- TASK PROMPT
From first line to last, print the records exactly, but leave out the pictures.

- RECORDS FOR THE EXERCISE
>>>
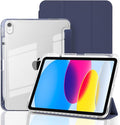 Case for iPad A16 11th Generation 11" 2025, iPad 10th Generation 10.9 Inch 2022, Hybrid Protective Cover with Pencil Holder, Clear Transparent Back Shell Anti-Yellowing Case, Dark Blue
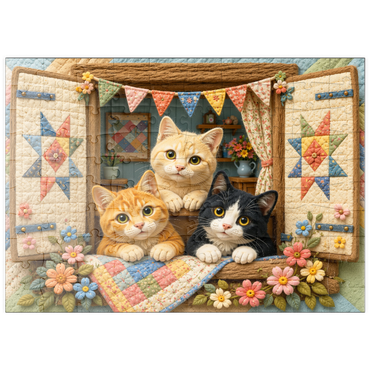 Darstellung des Puzzle Motivs puzzleplate Cozy Quilt Window Cats 100 Puzzle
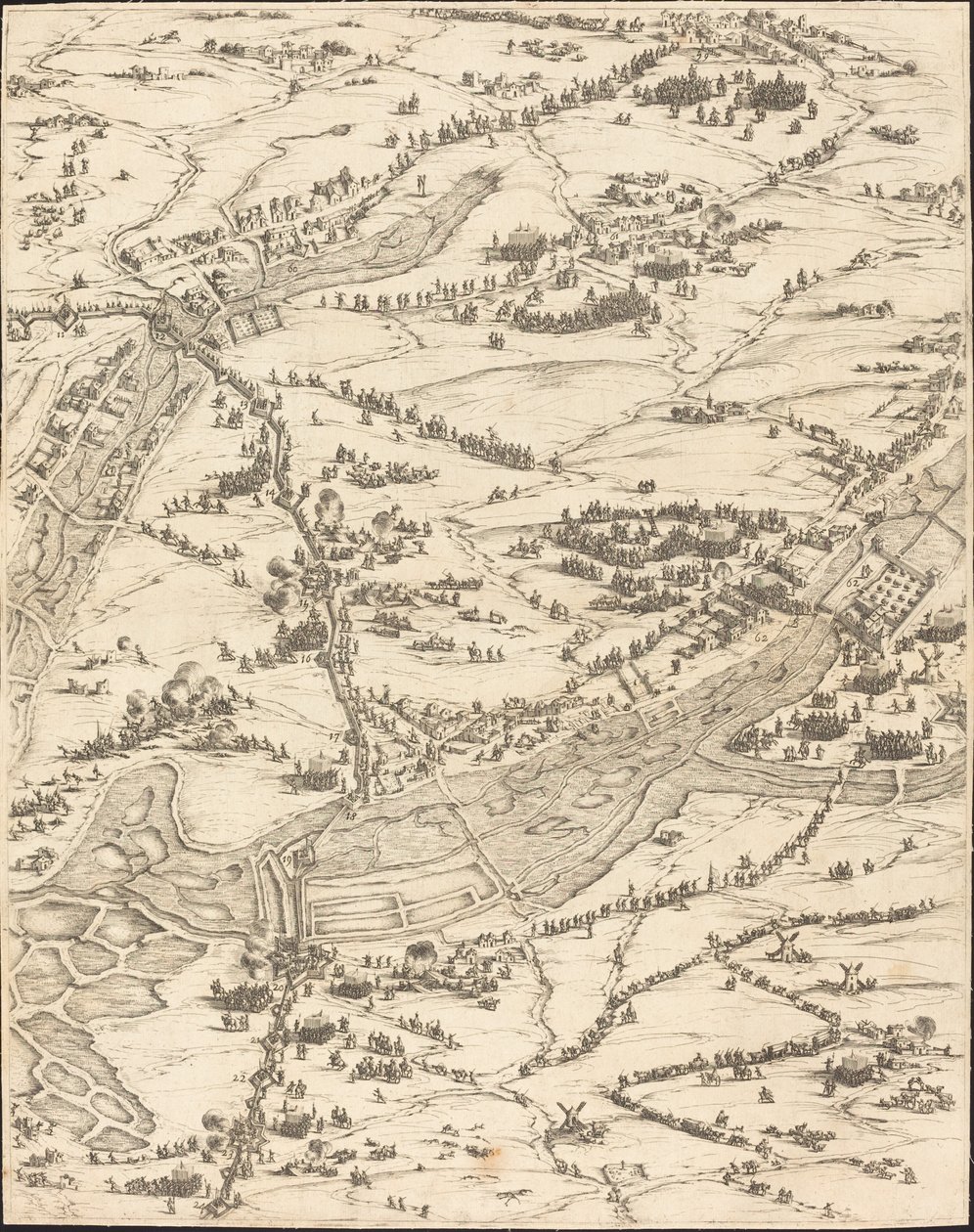 Belägringen av La Rochelle [skylt 7 av 16; uppsättningen omfattar 1952.8.97-112] av Jacques Callot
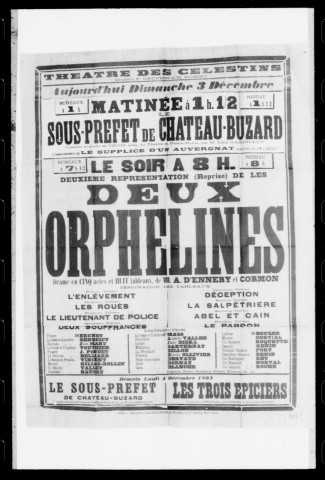 Deux orphelines (Les) : drame en cinq actes et huit tableaux. Auteurs : Dennery et Cormon.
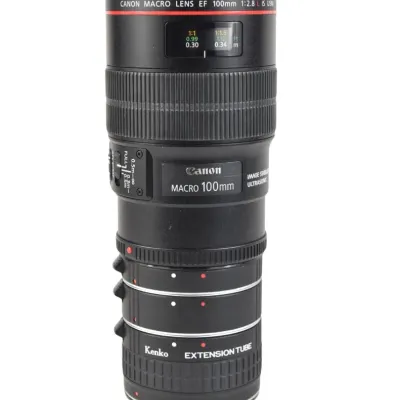 Canon EF 100mm f/2.8L Macro IS USM lens, shown mounted on a set of Kenko extension tubes.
<<<
- FINAL ANSWER
 Case for iPad A16 11th Generation 11" 2025, iPad 10th Generation 10.9 Inch 2022, Hybrid Protective Cover with Pencil Holder, Clear Transparent Back Shell Anti-Yellowing Case, Dark Blue
 Darstellung des Puzzle Motivs puzzleplate Cozy Quilt Window Cats 100 Puzzle
 Belägringen av La Rochelle [skylt 7 av 16; uppsättningen omfattar 1952.8.97-112] av Jacques Callot
 Deux orphelines (Les) : drame en cinq actes et huit tableaux. Auteurs : Dennery et Cormon.
 Canon EF 100mm f/2.8L Macro IS USM lens, shown mounted on a set of Kenko extension tubes.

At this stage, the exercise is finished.